Com seu depoimento, Luque tentou refutar um dos fundamentos médicos da acusação: a conclusão de que a equipe médica de Maradona deveria ter percebido a grave deterioração de sua saúde.
Está muito claro o que aconteceu: eles têm a autópsia, o histórico médico e um diagnóstico já estabelecido.
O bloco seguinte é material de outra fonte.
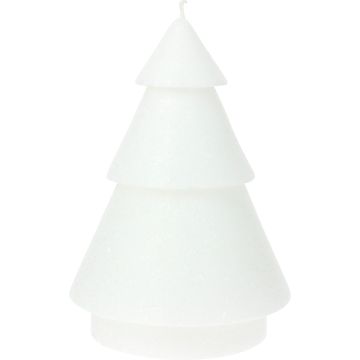 Lumanare parfumata La Francaise Feeries Vegetales Pine Tree 60 ore, Blanc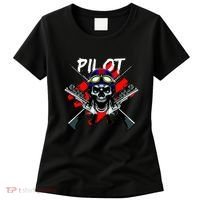 Pilot Skull Women's T-Shirt thumb 0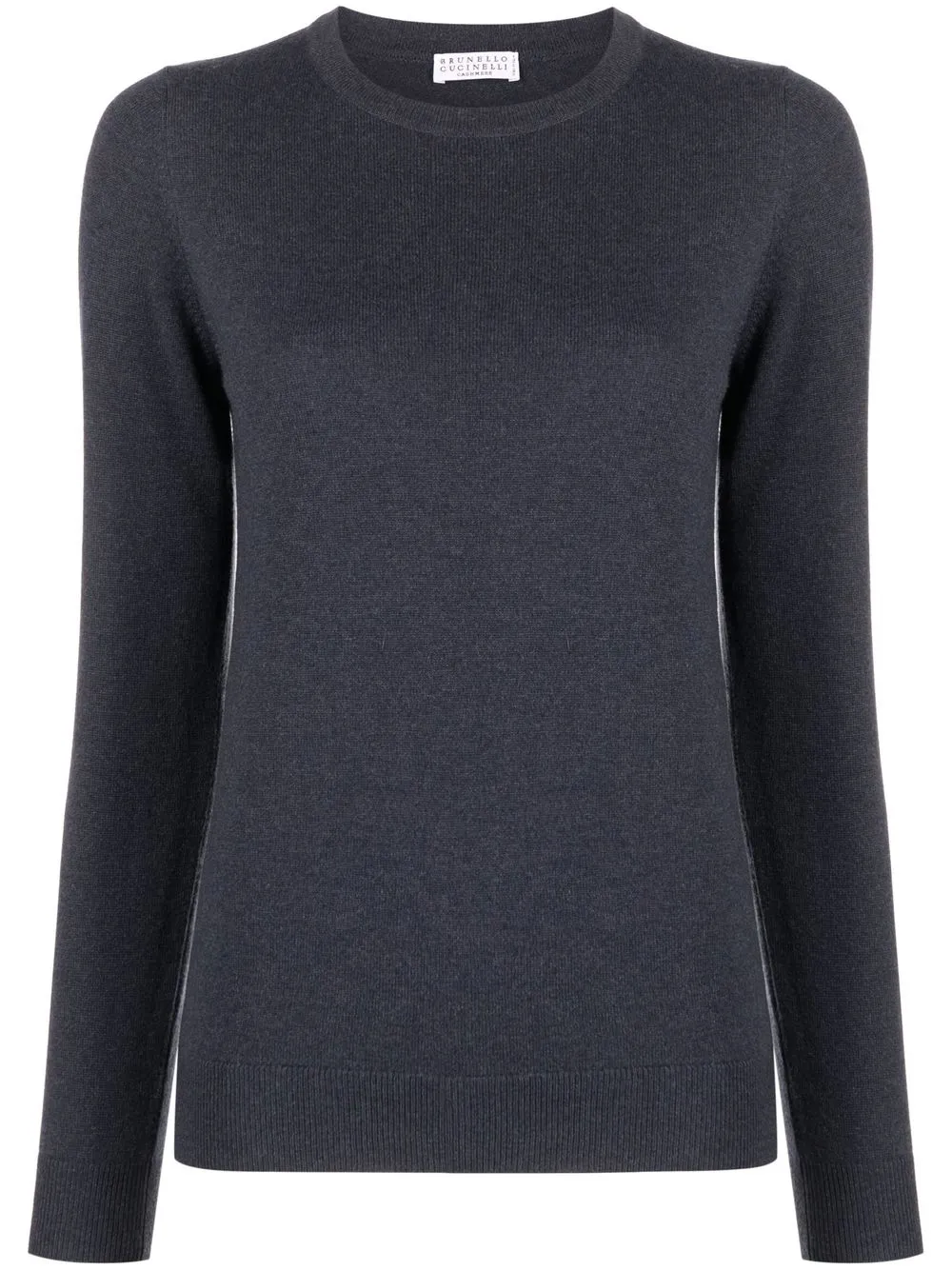 Трикотажный топ с длинными рукавами Brunello Cucinelli, синий
Трикотажный топ с длинными рукавами Brunello Cucinelli, синий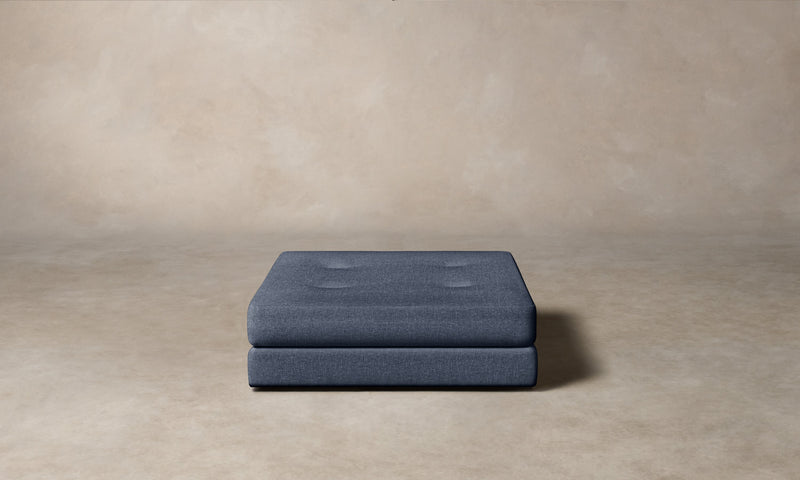 The Forma Ottoman - Heritage Belgian Linen Lake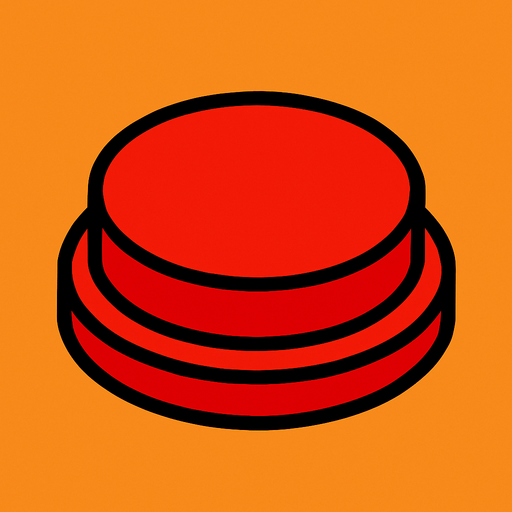 button red 2d.
In-Game asset.  2d.  High contrast.  No shadows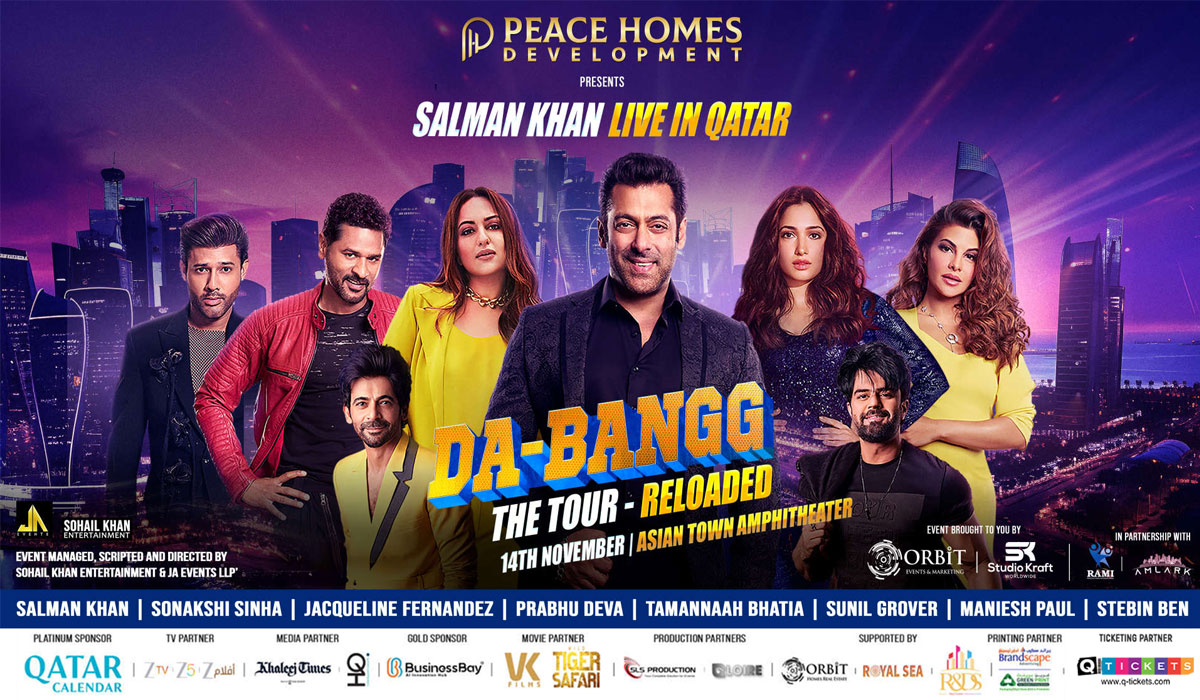 Salman Khan Live in Qatar Da Bangg The Tour Reloaded Set To Dazzle Doha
Dizem: ‘Bem, vamos procurar onde aparece o que já está assinalado’.
Isso é um viés de confirmação: buscaram o que lhes convinha", afirmou Luque perante o tribunal em San Isidro, ao norte de Buenos Aires.
As conclusões da junta médica que examinou o caso constituíram um dos elementos que embasaram o envio a julgamento dos sete profissionais que atenderam o astro argentino.
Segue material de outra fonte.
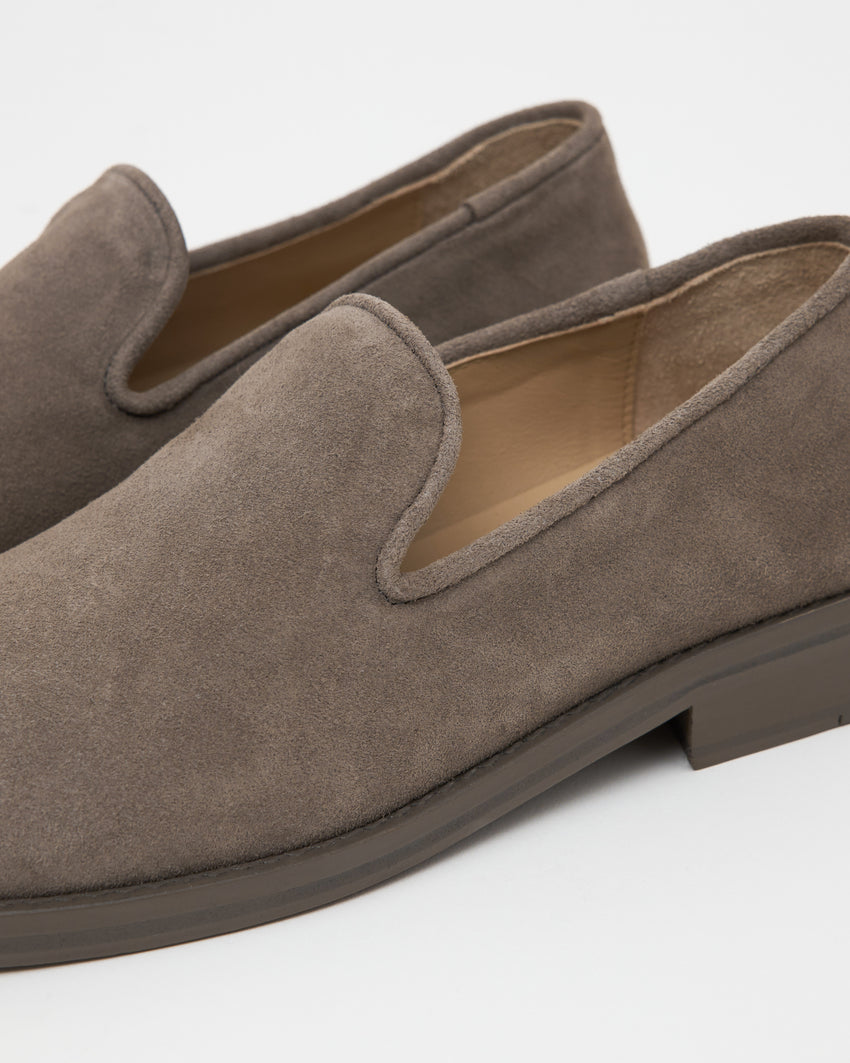 Legacy Slipper Suede Grey Walnut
A junta médica que examinou o caso concluiu posteriormente que Maradona tinha problemas cardíacos, hepáticos e renais.
Mas Luque rejeitou essa interpretação. "O paciente descrito pelos peritos da junta não é o que tínhamos diante de nós quando ele estava vivo", disse. "Nunca foi detectada insuficiência cardíaca, hepática ou renal, porque os exames apresentavam resultados normais e o paciente não relatava nada.
Os peritos que justificaram suas conclusões perante o tribunal "recorriam o tempo todo à autópsia", enfatizou Luque.
Maradona morreu de parada cardiorrespiratória e edema pulmonar em 25 de novembro de 2020, durante uma internação domiciliar cuja pertinência, condições e assistência estão no centro deste julgamento.
Ele havia passado por uma neurocirurgia no início daquele mês.